> [WORK ITEM] In the copy, keep every word of the data below and none of its pictures.

> [PROVIDED DATA]

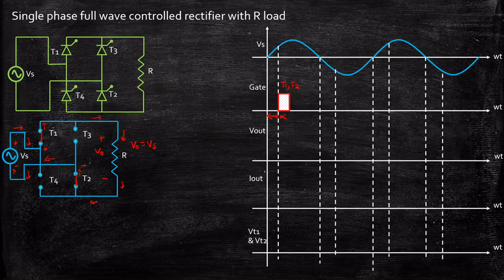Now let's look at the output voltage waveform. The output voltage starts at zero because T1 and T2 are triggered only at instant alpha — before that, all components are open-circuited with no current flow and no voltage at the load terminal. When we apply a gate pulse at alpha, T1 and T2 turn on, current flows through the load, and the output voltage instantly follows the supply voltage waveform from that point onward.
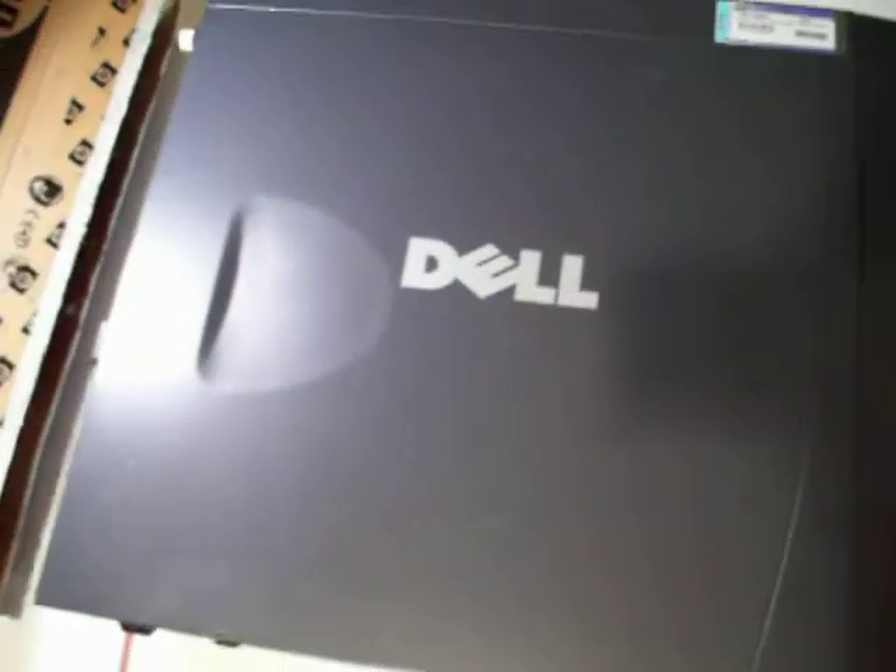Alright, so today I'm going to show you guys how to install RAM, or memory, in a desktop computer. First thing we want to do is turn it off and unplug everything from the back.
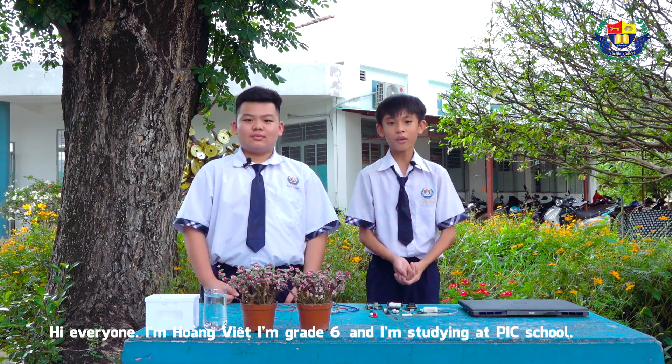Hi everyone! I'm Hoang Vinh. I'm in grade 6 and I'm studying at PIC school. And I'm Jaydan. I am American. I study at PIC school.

> [EXERCISE ANSWER]
Now let's look at the output voltage waveform. The output voltage starts at zero because T1 and T2 are triggered only at instant alpha — before that, all components are open-circuited with no current flow and no voltage at the load terminal. When we apply a gate pulse at alpha, T1 and T2 turn on, current flows through the load, and the output voltage instantly follows the supply voltage waveform from that point onward.
Alright, so today I'm going to show you guys how to install RAM, or memory, in a desktop computer. First thing we want to do is turn it off and unplug everything from the back.
Hi everyone! I'm Hoang Vinh. I'm in grade 6 and I'm studying at PIC school. And I'm Jaydan. I am American. I study at PIC school.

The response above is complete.